Plusieurs types de variation : • Graphies très variables : selon position dans le mot, selon moment du texte : « …quier » / « …tié », « à », ou « a », « moins » / « moé », « faire / fair / fai », « i » peut comporter ou non un point, les accents sont aussi très incertains, etc. • Graphies souvent difficiles à interpréter dans les manuscrits : i ou e, s ou t (en particulier en finale), mais selon écriture : l peut ressembler à i sans point, f et s ne sont pas toujours distincts, b ou p peuvent être confondus, a, o pas faciles à reconnaître, u ou n peu reconnaissables, etc. : problèmes de la lecture de tous les manuscrits.
Au-delà du manuscrit, quand on part de textes imprimés : • Beaucoup d’incertitudes orthographiques (le scrupule orthographique n’est pas ce qu’il est maintenant) : des formes identiques peuvent être notées différemment, des formes différentes peuvent être notées de la même façon (sans être pour autant homophones) • Il existe parfois plusieurs versions d’une même œuvre, cf. le cas de Jeannot et Thérèse, mais c’est le cas de Lisette quitté laplaine, de la Parabole du Fils prodigue, d’Idylles [et chansons], etc. Certains éléments changent de l’une à l’autre, sans que l’on puisse toujours expliquer ce « type » de variation : variation phonique, variation graphique…

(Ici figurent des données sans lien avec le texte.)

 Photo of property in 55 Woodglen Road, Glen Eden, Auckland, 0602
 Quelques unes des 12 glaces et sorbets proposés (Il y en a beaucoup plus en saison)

Conscient d’une variation dans la prononciation, un auteur ne peut pas ou ne sait pas trancher : il n’y a pas de « norme »; il représente d’une façon ou d’une autre selon le moment où il écrit, sans qu’il y ait toujours pour nous une raison apparente (parfois on peut penser au rôle de la rime : on écrit « suffir » ou « suffire » ; « temps / tan / tant » : mots objets de nombreuses confusions, d’ailleurs attestées en français, cf. Grévisse…)
Le contexte immédiat peut entraîner des différences de prononciation, et éventuellement des différences de représentation mais pas toujours. Ainsi dans Idylles, l’auteur note un phénomène de variation contextuelle vraisemblable : té t’ devant voyelle. Dans les créoles contemporain de la Caraïbe : de nombreuses répartitions contextuelles : cf. moin vwè-(l)i [vwèy] ; moin bat-li [batli]). • Autre ex. : li tou / moin itou. (XVIIIe siècle) • Comme on ne prononce pas toujours de la même façon (énonciation plus ou moins rapide), les auteurs représentent ou non cette variation contextuelle (influence aussi du nombre des syllabes résultantes dans les poèmes). • Pas d’assurance dans la coupe des mots : la ri/la rue/lari/laru (source supplémentaire de variation) : variation d’ailleurs non signifiante dans ce cas : la représentation des mots du lexique est particulièrement mouvante.
Conclusion Noter que c’est le plus souvent à travers les comparaisons, les rapprochements multiples de textes nombreux que l’on peut conclure et assurer l’analyse. Si les connaissances que nous avons des français populaires du XVIIe-XVIIIe siècle nous aident pour découvrir et expliquer les créoles, les connaissances de plus en plus décisives que nous développons en matière de langues créoles, nous renseignent aussi pour notre connaissance du français oral et populaire ancien. Les indices ne manquent pas pour nous aider à opérer un certain nombre de reconstructions probables (et utiles pour faciliter de plus amples découvertes), à condition de savoir les analyser et les interpréter…
Ex désormais classique de « Compère Guilleri / te lairras-tu mourri ? » qui explique l’absence de « r » prononcé dans les verbes du 2e groupe en créole de la Caraïbe. La datation du passage à « mwa » dans les campagnes de l’Ouest, considérée comme bien plus tardive qu’à la Cour et dans la région parisienne, est confirmée par les formes attestées dans les créoles : moé/moin.
Alors : • Rechercher des textes nombreux, sans négliger les versions diverses, les retranscriptions, les rééditions... • Analyser systématiquement les textes : aspects historiques, étude du contexte, approche comparative sérieuse des diverses variétés… • Travailler d’abord en système bien avant de tenter des rapprochements (toujours aventurés) avec d’autres langues (cf. principes de Meillet).